● **ASSIGNED TASK**
Copy every line of the data exactly, keeping out any picture.

SOURCE DATA Start Marker

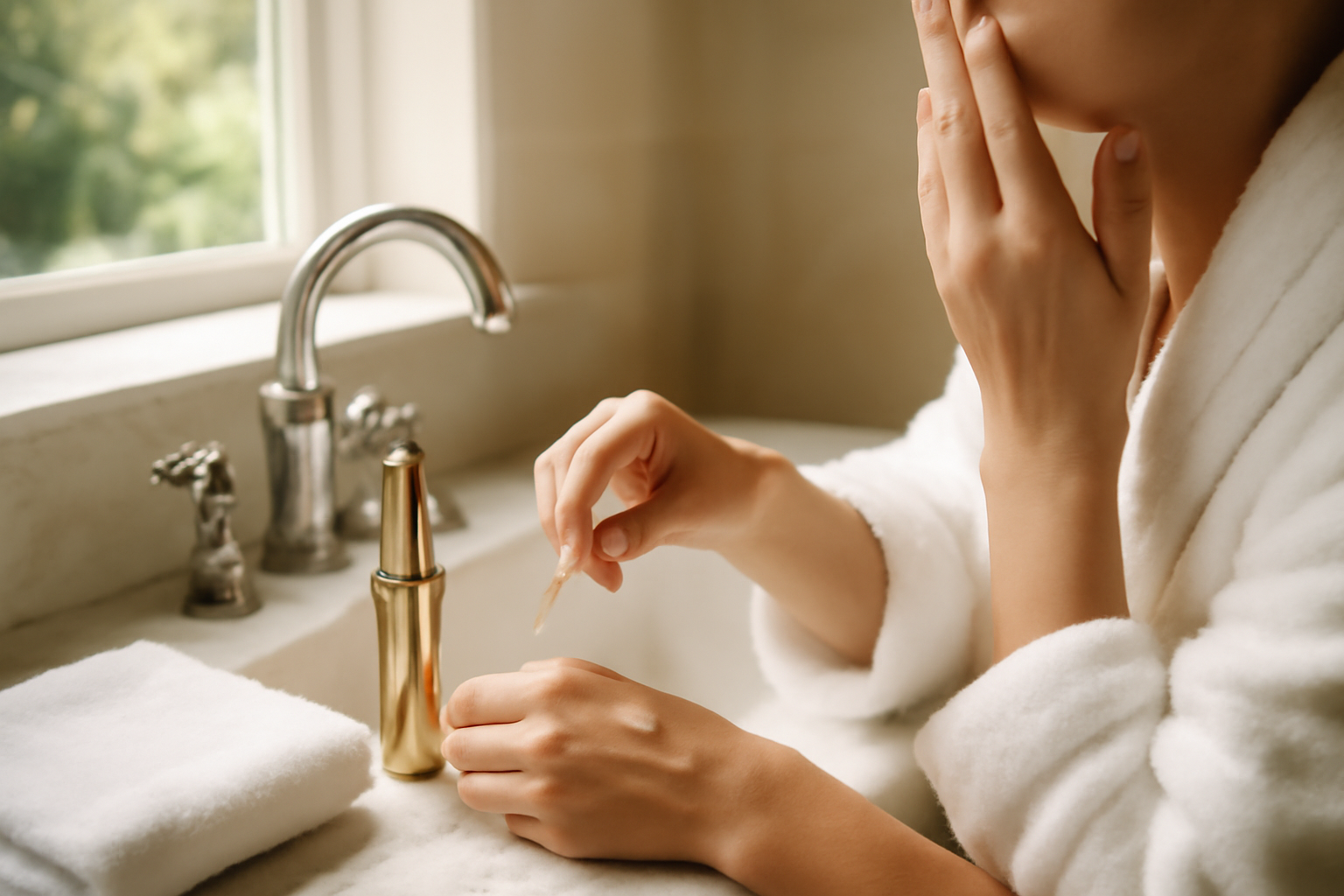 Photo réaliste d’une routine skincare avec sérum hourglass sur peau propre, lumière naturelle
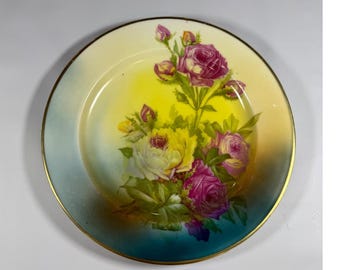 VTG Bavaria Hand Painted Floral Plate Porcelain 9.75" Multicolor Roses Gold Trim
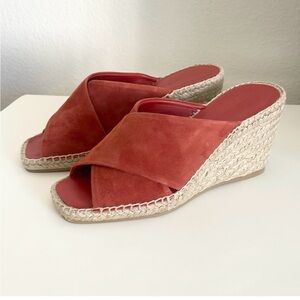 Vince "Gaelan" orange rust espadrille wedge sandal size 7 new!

SOURCE DATA End Marker

● **EXERCISE RESPONSE**
 Photo réaliste d’une routine skincare avec sérum hourglass sur peau propre, lumière naturelle
 VTG Bavaria Hand Painted Floral Plate Porcelain 9.75" Multicolor Roses Gold Trim
 Vince "Gaelan" orange rust espadrille wedge sandal size 7 new!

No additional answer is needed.